Cette réaction de l’ONU est intervenue juste après celle de la Minusma, qui dans un tweet, a justifié l’anticipation de son retrait du camp de Ber, à Tombouctou, par «la dégradation de la sécurité dans la zone et des risques élevés que cela fait peser sur nos Casques bleus» et invité «les différents acteurs concernés à s’abstenir de tout acte qui pourrait davantage compliquer l'opération».

Cette sortie médiatique de l’ONU et de la Munisma, est venue en réaction aux déclarations de la CMA qui leur fait endosser la responsabilité des «conséquences de la remise des camps de la Minusma au nord du Mali, aux forces armées maliennes».

En effet, sur son compte X (anciennement tweeter), Attaye Ag Mohamed, chef de la délégation de la CMA, indique que la Coordination «s’est tenue au respect stricte du périmètre onusienne conformément à la demande des hauts responsables de la Minusma jusqu’à ce qu’elle déclare elle même son retrait définitif des lieux.
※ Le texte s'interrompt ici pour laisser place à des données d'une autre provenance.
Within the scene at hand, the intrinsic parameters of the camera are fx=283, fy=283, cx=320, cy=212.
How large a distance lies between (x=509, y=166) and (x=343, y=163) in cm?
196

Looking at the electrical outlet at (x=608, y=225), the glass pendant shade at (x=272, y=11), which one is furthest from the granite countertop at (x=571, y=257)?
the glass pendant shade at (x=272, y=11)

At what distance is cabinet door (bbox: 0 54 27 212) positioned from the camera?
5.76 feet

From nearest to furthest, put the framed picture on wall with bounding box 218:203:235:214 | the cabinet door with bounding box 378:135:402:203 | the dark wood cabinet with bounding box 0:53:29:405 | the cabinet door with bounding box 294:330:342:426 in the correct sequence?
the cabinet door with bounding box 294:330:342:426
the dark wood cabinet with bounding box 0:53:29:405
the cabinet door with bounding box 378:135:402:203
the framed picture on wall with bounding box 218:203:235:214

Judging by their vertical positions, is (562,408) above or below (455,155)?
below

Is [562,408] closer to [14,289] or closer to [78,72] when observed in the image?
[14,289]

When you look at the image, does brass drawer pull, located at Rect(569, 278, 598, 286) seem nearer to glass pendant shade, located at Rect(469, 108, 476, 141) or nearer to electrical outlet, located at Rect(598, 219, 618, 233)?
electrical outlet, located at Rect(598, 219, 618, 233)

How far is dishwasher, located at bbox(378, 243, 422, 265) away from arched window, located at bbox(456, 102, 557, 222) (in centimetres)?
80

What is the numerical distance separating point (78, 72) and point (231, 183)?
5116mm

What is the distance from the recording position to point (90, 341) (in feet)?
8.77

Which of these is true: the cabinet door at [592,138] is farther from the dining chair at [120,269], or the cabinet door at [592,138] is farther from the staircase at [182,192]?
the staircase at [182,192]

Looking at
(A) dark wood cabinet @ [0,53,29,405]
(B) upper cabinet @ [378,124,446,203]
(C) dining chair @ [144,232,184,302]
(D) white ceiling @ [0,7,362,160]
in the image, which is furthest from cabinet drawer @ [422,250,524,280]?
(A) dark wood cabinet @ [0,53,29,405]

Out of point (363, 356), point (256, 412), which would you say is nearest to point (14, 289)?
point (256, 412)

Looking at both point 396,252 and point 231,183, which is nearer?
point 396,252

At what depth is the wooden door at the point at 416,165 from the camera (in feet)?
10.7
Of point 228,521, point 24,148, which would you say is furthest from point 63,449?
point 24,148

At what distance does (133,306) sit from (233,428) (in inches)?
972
La mission n’évoque pas de rétrocession formelle dans le cas de Ber mais de sortie », qui a été formelle le 13 août dernier.
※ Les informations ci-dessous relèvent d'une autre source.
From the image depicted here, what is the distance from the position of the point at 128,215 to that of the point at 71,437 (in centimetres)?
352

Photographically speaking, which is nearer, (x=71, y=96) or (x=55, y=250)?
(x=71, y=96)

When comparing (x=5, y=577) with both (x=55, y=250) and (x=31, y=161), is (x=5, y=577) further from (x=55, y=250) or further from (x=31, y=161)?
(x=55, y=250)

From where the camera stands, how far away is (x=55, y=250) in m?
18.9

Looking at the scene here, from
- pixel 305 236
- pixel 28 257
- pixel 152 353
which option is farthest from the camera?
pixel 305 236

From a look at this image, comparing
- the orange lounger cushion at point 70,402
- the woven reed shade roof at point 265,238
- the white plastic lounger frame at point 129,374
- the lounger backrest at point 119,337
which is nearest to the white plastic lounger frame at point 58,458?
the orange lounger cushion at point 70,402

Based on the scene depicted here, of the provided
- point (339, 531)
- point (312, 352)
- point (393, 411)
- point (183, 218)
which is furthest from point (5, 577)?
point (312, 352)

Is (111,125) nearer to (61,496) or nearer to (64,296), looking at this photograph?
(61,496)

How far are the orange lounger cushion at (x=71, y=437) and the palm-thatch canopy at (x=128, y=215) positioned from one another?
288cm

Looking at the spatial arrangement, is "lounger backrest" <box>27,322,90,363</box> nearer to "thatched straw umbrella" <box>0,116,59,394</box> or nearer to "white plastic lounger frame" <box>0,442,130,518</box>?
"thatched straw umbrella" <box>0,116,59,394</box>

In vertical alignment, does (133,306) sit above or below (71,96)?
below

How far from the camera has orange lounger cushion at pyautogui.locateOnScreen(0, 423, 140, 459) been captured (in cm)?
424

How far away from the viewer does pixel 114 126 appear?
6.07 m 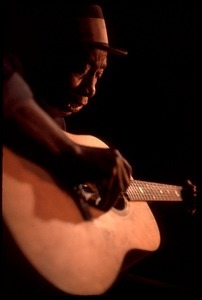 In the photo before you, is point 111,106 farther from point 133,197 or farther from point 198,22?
point 133,197

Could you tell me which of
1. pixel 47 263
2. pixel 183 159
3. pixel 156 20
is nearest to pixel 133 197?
pixel 47 263

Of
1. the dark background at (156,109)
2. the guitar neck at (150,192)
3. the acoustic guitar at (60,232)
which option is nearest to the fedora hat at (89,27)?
the guitar neck at (150,192)

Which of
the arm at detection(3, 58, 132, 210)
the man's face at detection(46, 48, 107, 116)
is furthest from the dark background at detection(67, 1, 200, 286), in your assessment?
the arm at detection(3, 58, 132, 210)

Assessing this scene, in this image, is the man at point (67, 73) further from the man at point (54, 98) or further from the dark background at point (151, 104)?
the dark background at point (151, 104)

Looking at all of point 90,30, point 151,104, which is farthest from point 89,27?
point 151,104

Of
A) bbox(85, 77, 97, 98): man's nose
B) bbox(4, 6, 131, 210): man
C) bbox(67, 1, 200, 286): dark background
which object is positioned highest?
bbox(4, 6, 131, 210): man

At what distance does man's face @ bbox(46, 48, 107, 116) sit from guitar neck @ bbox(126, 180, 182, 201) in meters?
0.47

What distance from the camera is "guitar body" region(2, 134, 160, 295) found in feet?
3.47

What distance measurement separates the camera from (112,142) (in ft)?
8.91

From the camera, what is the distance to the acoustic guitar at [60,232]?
41.7 inches

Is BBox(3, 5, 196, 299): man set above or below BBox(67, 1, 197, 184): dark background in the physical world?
above

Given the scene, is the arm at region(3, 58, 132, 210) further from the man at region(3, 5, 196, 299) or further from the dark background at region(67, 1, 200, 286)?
the dark background at region(67, 1, 200, 286)

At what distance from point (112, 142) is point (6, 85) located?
5.56 ft

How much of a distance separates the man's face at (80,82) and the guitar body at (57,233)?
644 mm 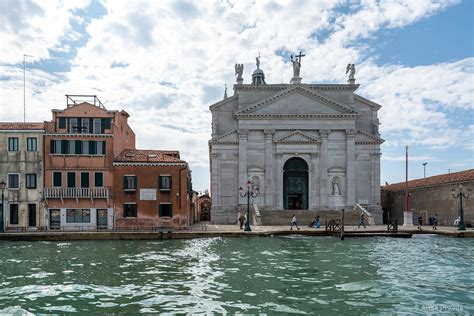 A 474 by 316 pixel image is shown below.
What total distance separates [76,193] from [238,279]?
2110 centimetres

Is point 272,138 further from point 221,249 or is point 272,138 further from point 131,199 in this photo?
point 221,249

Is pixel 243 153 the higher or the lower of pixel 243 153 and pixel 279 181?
the higher

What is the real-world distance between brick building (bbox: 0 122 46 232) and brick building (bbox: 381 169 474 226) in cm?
3320

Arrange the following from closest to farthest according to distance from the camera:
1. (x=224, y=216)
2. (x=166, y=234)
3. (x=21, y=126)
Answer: (x=166, y=234)
(x=21, y=126)
(x=224, y=216)

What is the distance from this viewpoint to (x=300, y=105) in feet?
141

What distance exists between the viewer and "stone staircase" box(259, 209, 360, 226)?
37.9 metres

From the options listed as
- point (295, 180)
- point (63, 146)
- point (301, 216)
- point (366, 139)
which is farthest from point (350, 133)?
point (63, 146)

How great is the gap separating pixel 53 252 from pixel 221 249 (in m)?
8.57

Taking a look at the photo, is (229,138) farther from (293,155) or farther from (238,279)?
(238,279)

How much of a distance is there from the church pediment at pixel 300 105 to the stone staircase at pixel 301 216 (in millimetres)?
10005

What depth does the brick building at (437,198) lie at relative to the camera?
117 ft

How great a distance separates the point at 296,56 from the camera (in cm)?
4528

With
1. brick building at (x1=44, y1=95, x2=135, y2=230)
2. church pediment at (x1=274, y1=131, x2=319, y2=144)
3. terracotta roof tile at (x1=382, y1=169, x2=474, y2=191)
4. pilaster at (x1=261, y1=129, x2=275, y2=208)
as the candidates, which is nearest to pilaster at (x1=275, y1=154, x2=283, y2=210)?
pilaster at (x1=261, y1=129, x2=275, y2=208)

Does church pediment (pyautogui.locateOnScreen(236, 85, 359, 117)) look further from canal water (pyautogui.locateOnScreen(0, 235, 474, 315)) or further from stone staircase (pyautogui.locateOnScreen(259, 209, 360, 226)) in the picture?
canal water (pyautogui.locateOnScreen(0, 235, 474, 315)) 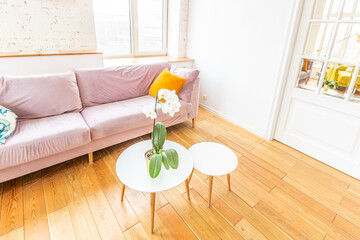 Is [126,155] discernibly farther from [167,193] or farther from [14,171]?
[14,171]

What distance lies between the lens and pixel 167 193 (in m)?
1.63

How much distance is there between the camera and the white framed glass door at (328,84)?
1759 mm

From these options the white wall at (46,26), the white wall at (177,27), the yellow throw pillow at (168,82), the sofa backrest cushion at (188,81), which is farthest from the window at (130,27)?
the sofa backrest cushion at (188,81)

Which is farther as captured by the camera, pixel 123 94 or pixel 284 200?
pixel 123 94

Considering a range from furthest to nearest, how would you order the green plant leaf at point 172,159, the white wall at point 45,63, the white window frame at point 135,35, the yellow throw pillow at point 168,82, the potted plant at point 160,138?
the white window frame at point 135,35
the yellow throw pillow at point 168,82
the white wall at point 45,63
the green plant leaf at point 172,159
the potted plant at point 160,138

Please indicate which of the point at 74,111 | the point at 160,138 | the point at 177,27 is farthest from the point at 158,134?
the point at 177,27

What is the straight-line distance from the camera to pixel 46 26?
2.30 metres

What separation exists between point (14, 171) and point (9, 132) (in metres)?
0.30

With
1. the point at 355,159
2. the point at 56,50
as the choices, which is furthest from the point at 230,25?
the point at 56,50

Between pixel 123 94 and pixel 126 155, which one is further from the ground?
pixel 123 94

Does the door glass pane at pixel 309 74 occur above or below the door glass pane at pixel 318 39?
below

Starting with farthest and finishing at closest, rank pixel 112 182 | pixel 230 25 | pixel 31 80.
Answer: pixel 230 25 < pixel 31 80 < pixel 112 182

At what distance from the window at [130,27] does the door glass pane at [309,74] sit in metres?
Answer: 2.29

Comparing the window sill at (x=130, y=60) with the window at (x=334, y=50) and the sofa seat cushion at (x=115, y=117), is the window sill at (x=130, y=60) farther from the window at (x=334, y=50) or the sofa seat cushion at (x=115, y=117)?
the window at (x=334, y=50)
Pour lui, les forces armées maliennes «veulent à tout prix occuper les camps de la Minusma y compris ceux situés dans les zones sous contrôle du CMA», et accuse Bamako de vouloir remettre en cause l’Accord d’Alger.

S’exprimant sur la chaîne BBC, le secrétaire général du MNLA (Mouvement national de libération de l’Azawad), un des acteurs de la rébellion signataire de l’Accord d’Alger, Billal Ag Cherif, a affirmé : «Nous rendons responsable l’ONU du retrait de la Minusma en concertation uniquement avec la partie gouvernementale et sans concertation avec coordination de l’Azawad. Si la Minusma remet ses camps aux forces armées, elle sera la seule responsable de ce qui se passera et la partie gouvernementale malienne sera également responsable parce qu’elle a réclamé quelque chose qui ne lui appartient pas. Nous n’accepterons pas un nouveau déploiement des forces armées maliennes dans les zones sous notre contrôle, en dehors du cadre de l’Accord (NDLR : l’Accord d’Alger) ».
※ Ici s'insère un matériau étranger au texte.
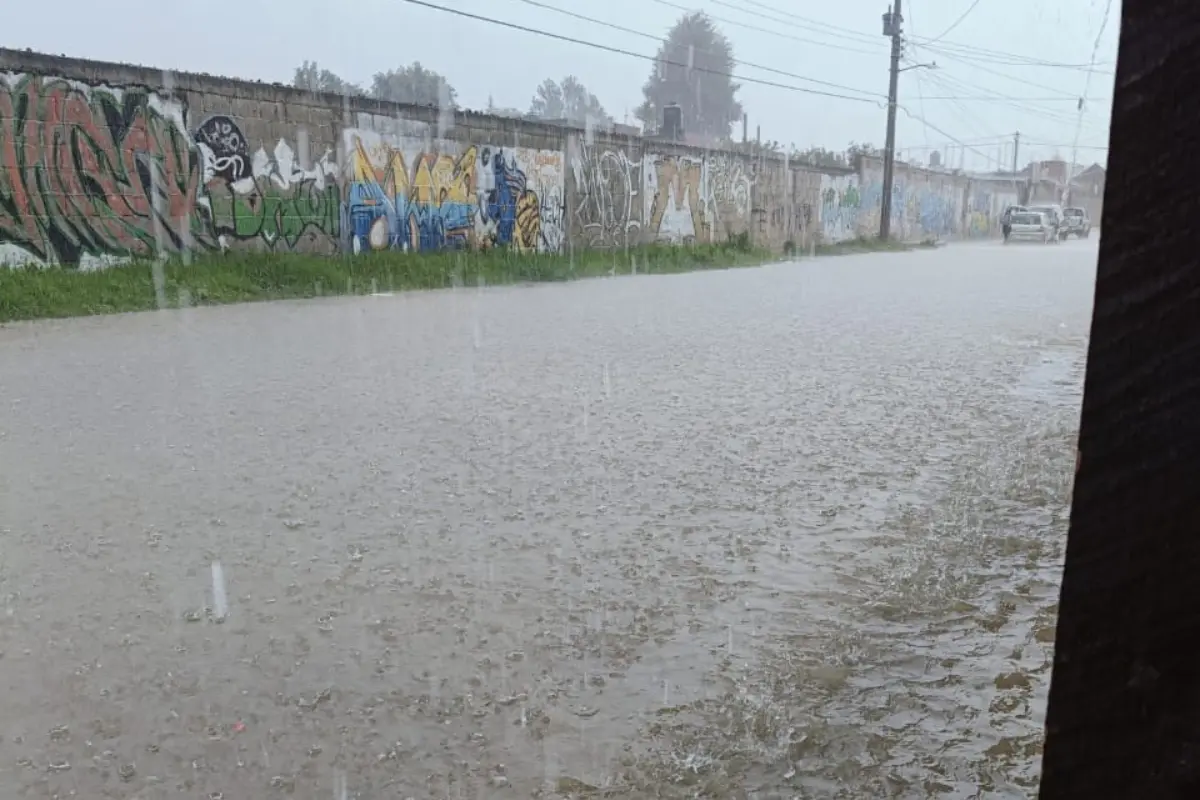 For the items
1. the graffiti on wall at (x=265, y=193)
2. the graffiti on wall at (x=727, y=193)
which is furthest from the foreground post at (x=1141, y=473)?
the graffiti on wall at (x=727, y=193)

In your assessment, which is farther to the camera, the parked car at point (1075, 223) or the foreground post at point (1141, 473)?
the parked car at point (1075, 223)

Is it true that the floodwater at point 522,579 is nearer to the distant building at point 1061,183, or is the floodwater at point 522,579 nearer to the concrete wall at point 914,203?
the concrete wall at point 914,203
Billal Ag Cherif faisait partie de la délégation de la CMA qui s’est déplacée à Alger, au mois de février dernier, et a été reçu par le président de la République. Il a été question de l’engagement de la composante de la coordination à respecter l’Accord d’Alger reconnu comme la solution la plus appropriée pour résoudre définitivement le problème de la rébellion au nord du Mali.

Etant le chef de file de la négociation entre les mouvements de l’Azawad et le gouvernement malien, l’Algérie n’a pas cessé de plaider pour la mise en place de tous les mécanismes de réinsertion et d’intégration prévus par l’accord, mais en vain. Peut-on craindre le pire dans les jours à venir ? La question reste posée.